# Introduction

Welcome to this notebook where we will explore a fascinating aspect of deep learning - automatic text generation. The goal of this project is to train a neural network model to generate text that resembles the works of William Shakespeare, one of the most iconic writers in history.

To achieve this, we will use a neural network architecture called Long Short-Term Memory (LSTM). LSTMs are a special subcategory of recurrent neural networks (RNNs) that are particularly effective at learning from long sequences of data, such as sentences or paragraphs, making them well-suited for tasks like text generation.

To train our model, we will use a corpus of Shakespeare's texts. This corpus will serve as the training data for our LSTM, allowing it to learn the "style" of Shakespeare's writing. Once trained, the model will be capable of generating new sentences inspired by what it has learned from this corpus.

It's important to note that the text generated by our model will not be genuine Shakespeare; it won't have the same depth or meaning. However, it should exhibit stylistic similarities, such as similar sentence structures, vocabulary, and grammatical patterns commonly found in Shakespeare's works.

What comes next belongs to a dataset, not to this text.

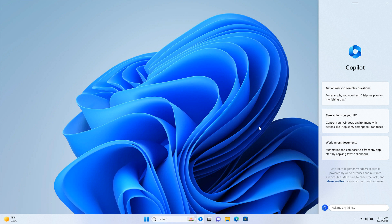So Windows Copilot is currently being tested in the Insider program and we are expecting it to roll out with the 23H2 feature update later this year for Windows 11.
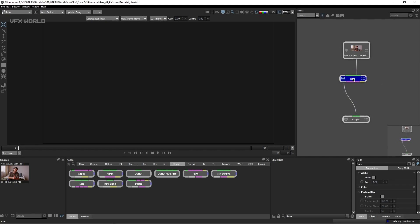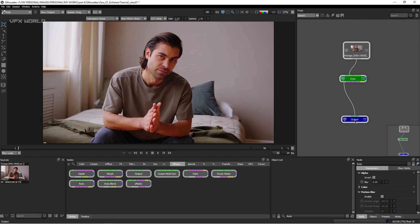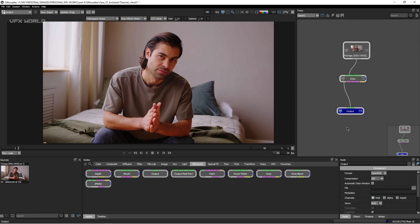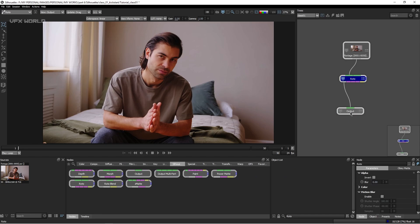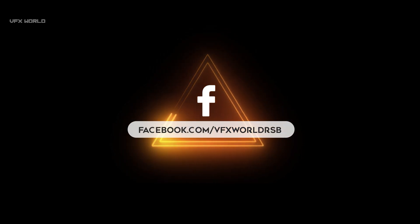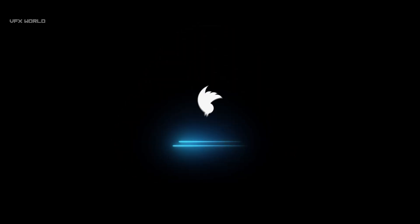By default the roto node connects to the foreground. If you want to add anything to the background you can connect to the background pipe instead. To detach the roto node just select and remove the connection; to reconnect simply release it on the foreground. Double-clicking the output node opens the output panel. Clicking the system icon on any node expands its details to full area. That's it for this video — in the next video I'll cover the tools and manual roto.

In this notebook, we will:

- Prepare and preprocess our corpus of texts.
- Build our LSTM model using Keras, a popular Python library for deep learning.
- Train this model on our corpus.
- Generate new texts from the trained model.

It's an exciting journey at the intersection of literature and artificial intelligence. So let's dive in and see what our machine can create!

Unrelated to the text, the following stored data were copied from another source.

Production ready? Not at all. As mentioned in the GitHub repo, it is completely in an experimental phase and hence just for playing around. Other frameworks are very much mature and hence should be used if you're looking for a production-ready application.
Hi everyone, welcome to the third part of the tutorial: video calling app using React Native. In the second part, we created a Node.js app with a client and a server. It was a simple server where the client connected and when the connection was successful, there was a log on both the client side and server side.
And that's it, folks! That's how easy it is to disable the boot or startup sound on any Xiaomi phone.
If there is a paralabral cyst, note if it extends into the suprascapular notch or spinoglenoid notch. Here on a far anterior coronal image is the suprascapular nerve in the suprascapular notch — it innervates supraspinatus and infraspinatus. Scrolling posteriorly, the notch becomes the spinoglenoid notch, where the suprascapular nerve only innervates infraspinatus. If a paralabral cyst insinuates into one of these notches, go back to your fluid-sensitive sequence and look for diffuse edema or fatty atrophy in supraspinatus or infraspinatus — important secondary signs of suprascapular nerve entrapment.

# Data Preparation and Preprocessing

In this code block, we start by importing the necessary libraries for our project. This includes `random`, `numpy`, and several sub-libraries of `tensorflow` that we need to build and train our LSTM model.

Next, we use the `get_file` function from `tensorflow.keras.utils` to download the text file 'shakespeare.txt' that contains our corpus. This file is read, decoded as 'utf-8', converted to lowercase to normalize the text, and we replace line breaks with spaces to facilitate further processing.

After that, we prepare several data structures that will help us transform our text into usable inputs for our LSTM model:

- `characters`: a list of all unique characters in our text, sorted in alphabetical order. This will serve to build our "vocabulary" for the model.
- `char_to_index` and `index_to_char`: two dictionaries that allow us to convert between characters and numeric indices. This is necessary because our LSTM model does not directly process characters but the numeric indices representing them.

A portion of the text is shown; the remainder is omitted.